Atelopus chiriquiensis

Uit Wikipedia, de vrije encyclopedie
Atelopus chiriquiensis
Status: Uitgestorven (1996)[1] (2019)
Atelopus chiriquiensis
Taxonomische indeling
Rijk:Animalia (Dieren)
Stam:Chordata (Chordadieren)
Klasse:Amfibia (Amfibieën)
Orde:Anura (Kikkers)
Familie:Bufonidae (Echte padden)
Geslacht:Atelopus
Soort
Atelopus chiriquiensis
Schreve, 1936
Afbeeldingen op Wikimedia Commons Wikimedia Commons
Atelopus chiriquiensis op Wikispecies Wikispecies
Portaal  Portaalicoon   Biologie
Herpetologie

Atelopus chiriquiensis is een uitgestorven klompvoetkikker uit de familie van de padden (Bufonidae). De soort werd voor het eerst wetenschappelijk beschreven door Benjamin Shreve in 1936.[2] De soort kwam voor in de Midden-Amerikaanse landen Costa Rica en Panama.

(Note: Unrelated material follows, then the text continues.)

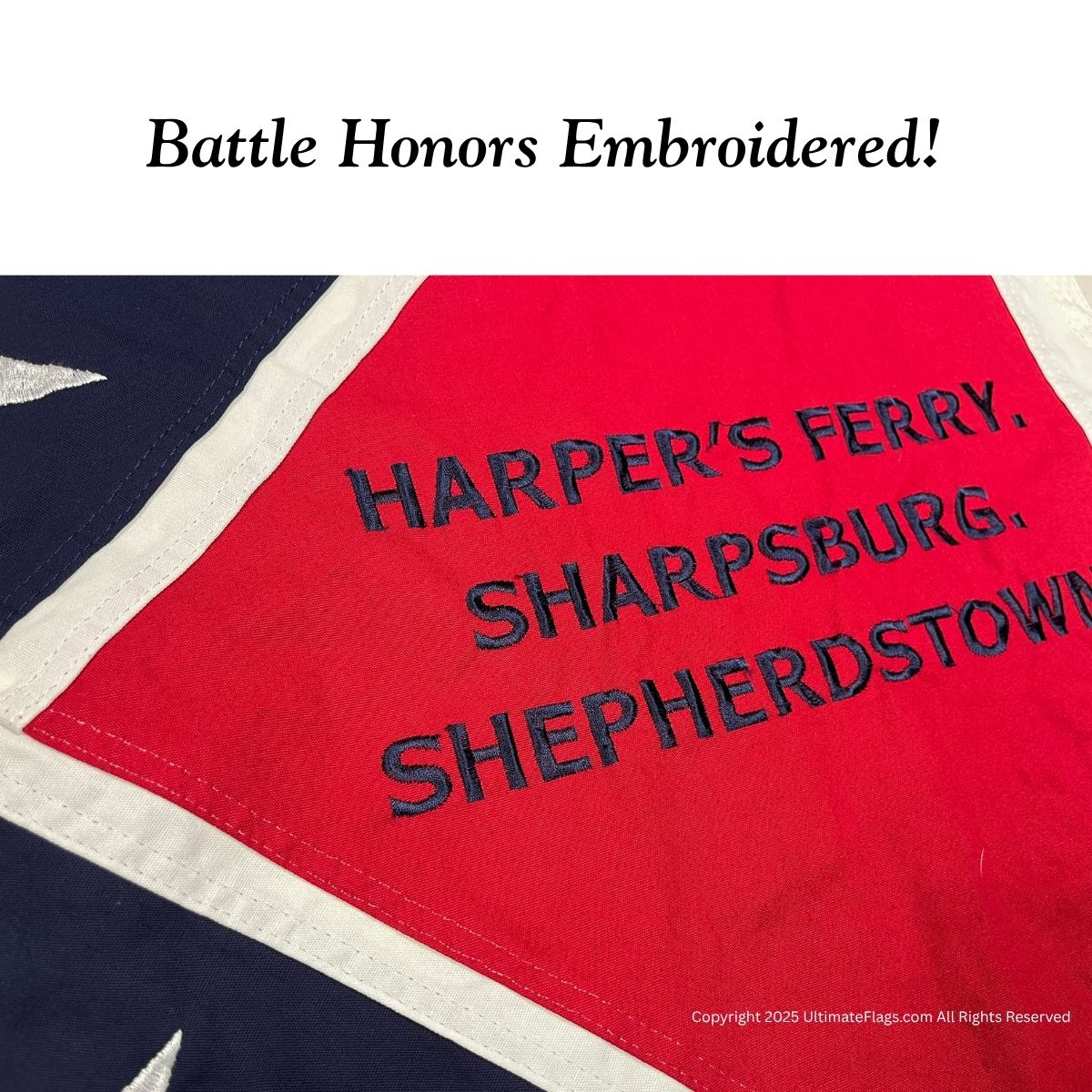 Battle Honors Embroidered flag showcasing significant historical locations such as Harper's Ferry, Sharpsburg, and Shepherdstown, perfect for collectors and history enthusiasts. Buy online for cheap and affordable prices at UltimateFlags.com.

Kenmerken[bewerken | brontekst bewerken]

Er is een sterke variatie in kleur tussen verschillende exemplaren van Atelopus chiriquiensis. Mannelijke kikkers, 28 tot 34 mm groot, zijn vaak eenkleurig geel of roodbruin met eventueel een zwarte nettekening. Vrouwtjes worden 36 tot 49 mm groot en zijn over het algemeen oranje met zwarte strepen in de lengterichting. Atelopus chiriquiensis is dagactief. Mannelijke dieren leven langs stroompjes, terwijl de vrouwtjes buiten de paartijd in het bos te vinden zijn.[3][4]

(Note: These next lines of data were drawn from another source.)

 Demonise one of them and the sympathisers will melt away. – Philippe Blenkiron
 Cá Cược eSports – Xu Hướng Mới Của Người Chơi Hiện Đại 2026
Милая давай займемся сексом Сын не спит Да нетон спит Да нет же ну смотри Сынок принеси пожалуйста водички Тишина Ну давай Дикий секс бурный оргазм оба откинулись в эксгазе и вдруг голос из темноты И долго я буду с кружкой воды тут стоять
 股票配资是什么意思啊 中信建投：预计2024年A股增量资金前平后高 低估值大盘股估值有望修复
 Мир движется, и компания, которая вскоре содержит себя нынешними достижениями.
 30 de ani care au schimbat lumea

Verspreiding[bewerken | brontekst bewerken]

Atelopus chiriquiensis kwam van nature voor in de nevelwouden van de Cordillera de Talamanca op een hoogte van 1400 tot 2500 meter boven zeeniveau.[5] De soort is onder meer bekend uit Internationaal park La Amistad en Nationaal park Chirripó. In Costa Rica was Atelopus chiriquiensis voorheen lokaal algemeen, maar sinds 1996 ondanks diverse zoekpogingen niet meer waargenomen. In Panama is de kikker sinds het einde van de jaren negentig eveneens niet meer gezien. Atelopus chiriquiensis is sinds 2019 door de IUCN als uitgestorven geclassificeerd. In een deel van het verspreidingsgebied kwam Atelopus chiriquiensis samen voor met de verwante harlekijnkikker.[6]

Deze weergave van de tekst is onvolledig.